Она плакала. Тихо. Незаметно. И слезы оставляли две блестящих полоски на ее бледных щеках. Попятился к дверям и очутился у комендантской комнаты. Там, у окна, стояли Зоя и Кудляков.

– Зайди... – тихо сказала Зоя. – Их там отпевают?

– Да.

Кудляков потер виски, сказал безразличным голосом:

– А хорошо придумано, согласись, Сергей? У новых людей – несомненно, образовалось совершенно новое мышление, а?

Зоя приложила палец к губам.

– Послезавтра, ровно в полночь заводим "Романовых" в кладовку Ипатьева. Вещи оттуда уже вынесены, я позаботилась... Чтобы всё прошло без сучка – я их напою... чаем. Они будут сонные и заторможенные. А знаете – я убедила отца семейства отрастить точно такую же бороду и усы, как у... Понятно: привести в соответствие. Прически у женщин сделаны один к одному. Одежда – тоже.

– Одежда? – удивился Ильюхин. – А кто... тебе подсказал? Ты ведь сюда вроде бы и не ходила?

– Вроде бы... – усмехнулась. – Твоя, Ильюхин, задача: ровно без пятнадцати двенадцать всех угостить тем же чаем. Всех.

– Но они не станут пить! – возмутился. – Как я их заставлю?

– Не считай меня дурой, импотент несчастный!

Кудляков отвернулся, чтобы Ильюхин не заметил скабрезной усмешки.

– Ты придешь точно вовремя, с доктором в белом халате.

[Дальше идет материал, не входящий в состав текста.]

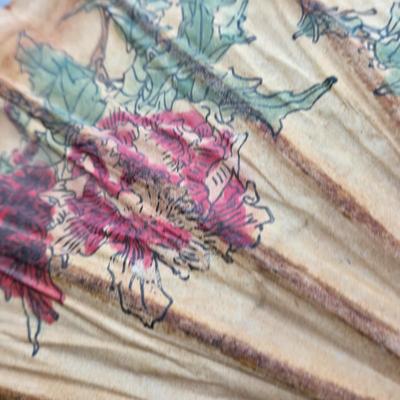 LOT 129: Andrea by Sadek Vase, 3 Piece Tea Cup Set, Asian Doll on Stand, Vintage Japanese Umbrella, and More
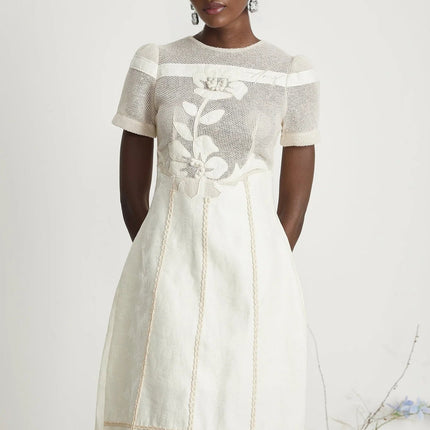 Zoe White Floral Embroidery A-line Midi Dress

По приказу Военного комиссара Урала товарища Шаи Голощекина доктор напоит охрану специальным лекарством от нервенности. Он объяснит: предстоит акция и чтобы нервы не сдали – ну, и так далее...

– Смелая ты... – удивился. – А если...

– Не будет "если". Всё предусмотрено. До встречи, импотент...

На улице Ильюхин спросил:

– Слышь, Кудляков, а что это за словцо мудреное? В ее голосе не было ни похвалы, ни уважения.

Кудляков рассмеялся.

– Эх, Ильюхин... Отношения с дамами-с – это тебе не бом-брам-стеньга. Это очень сложно. Она обвинила тебя в том, что ты... отказался, понял?